SOCIÉTÉ D'ÉTUDES BENJAMIN FONDANE

Pourquoi l'art - Chimériques esthétiques N° 22

Dialogues au bord du gouffre

Gisèle Vanhese

Comme l’annonce le titre de cet ouvrage, il s’agit de dialogues secrets entretenus par l’œuvre de Fondane avec celles d’auteurs, poètes ou penseurs, qui l’ont nourrie, comme Baudelaire, Nerval, Rimbaud, Eminescu, mais encore avec ceux qu’elle a inspirés, comme Paul Celan, Yvan Goll, Claude Vigée, Yves Bonnefoy, Gaston Bachelard. Je n’ai pas l’intention de rendre compte de tous les aspects de ce livre stimulant, car je préfère m’arrêter aux auteurs que l’œuvre de Fondane a particulièrement marqués.
À l’exception de Claude Vigée, peu nombreux ceux qui ont reconnu leur « dette », car la plupart n’ont jamais mentionné son nom dans leurs écrits. Toutefois, Gisèle Vanhese a débusqué avec perspicacité ces empreintes diverses, permettant d’éclairer le travail secret exercé par l’œuvre de Fondane. Elle opère avec patience, utilisant toutes les ressources philologiques dont elle dispose et ne cède jamais à l’acrimonie, se contentant de relever les faits.
Parmi les auteurs les plus intéressants, citons Yves Bonnefoy : la plupart ignorent qu’il a puisé chez Fondane nombre de réflexions qui lui servirent à étayer sa propre poétique. Or, l’on chercherait vainement une mention de Fondane dans son œuvre. Il en est de même pour Gaston Bachelard : si Jean Libis avait déjà révélé certains éléments de cette inspiration, Gisèle Vanhese n’a pas hésité à projeter sur elle toute la lumière.
Troublantes aussi, les résonances avec l’œuvre de certains poètes. Dans le cas de Paul Celan et d’Yvan Goll, l’auteur préfère évoquer une fraternité pour les désigner, car il s’agit de poètes ayant vécu une même expérience, liés par des affinités profondes : Frères de lait noir, ainsi s’intitule le chapitre qui leur est consacré. Remarquable, l’analyse de ces échos dans l’œuvre maîtresse d’Yvan Goll : L’Élégie de Lackawanna, écrite en 1943-44 aux États-Unis. Selon l’exégète, ce poème prolonge la poésie de Fondane tout en l’interprétant.

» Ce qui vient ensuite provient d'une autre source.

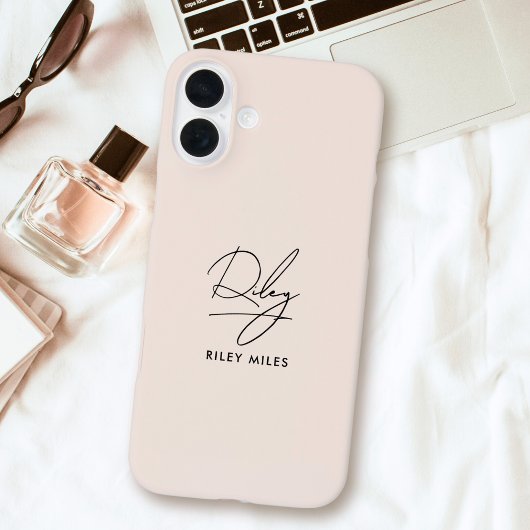 Monogram Modern Minimal Stylish Script Signature Case-Mate iPhone Hülle
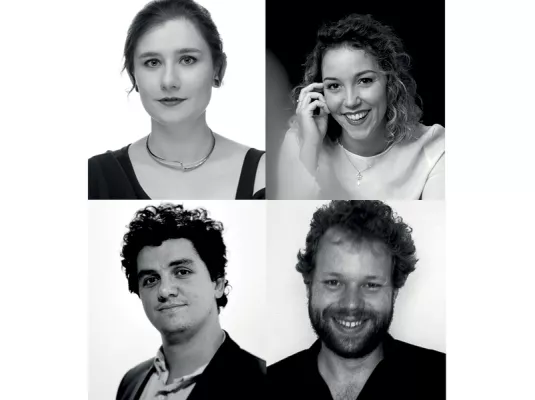 Lauréats du Concours de Gordes © Faustine Egiziano, Thaïs Raï-Westphal, Pierre-Yves Cras, Benjamin Guilbaud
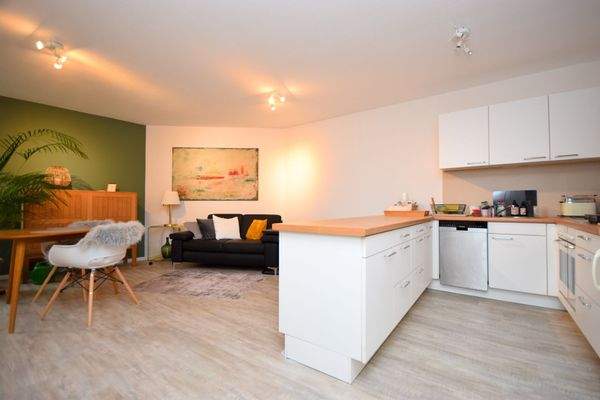 Wohnbereich mit offener Küche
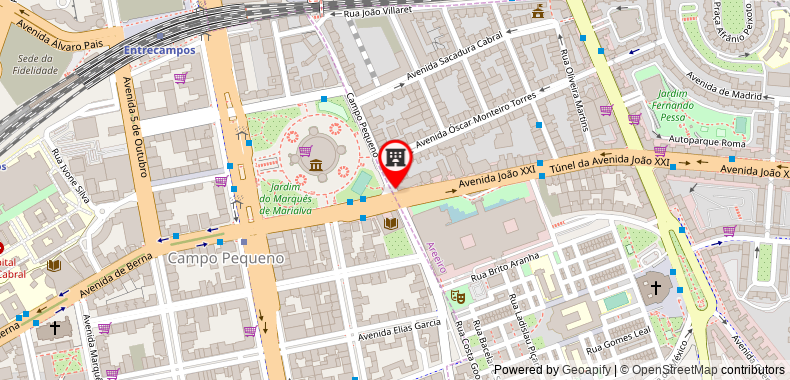 Bản đồ đến Khách sạn Alif Campo Pequeno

De nombreux rapprochements avec l’œuvre de Celan apparaissent dans plusieurs chapitres : Sous le signe d’Ulysse, Le sang du poème, Frères de lait noir, Dans l’ombre du gouffre, et surtout Écrire le désastre. Ce dernier chapitre s’ouvre sur les vers de Celan : Le monde est parti, il faut que je te porte. Comme l’avait souligné Derrida, le verbe tragen (porter) signifie à la fois : supporter et être enceint. Cette expérience qui consiste à porter l’autre en soi, comme l’on porte un deuil, est commune aux deux poètes. Gisèle Vanhese cite à l’appui la séquence IX d’Ulysse à propos de la Sulamite ; ajoutons-y la première séquence d’Ulysse, dédiée à Armand Pascal : je suis enceint de ta mort.
C’est ainsi que l’exégète finit par porter elle-même ces poètes, nous faisant partager cette expérience à seule fin de ressusciter leur œuvre, de poursuivre le dialogue à l’infini.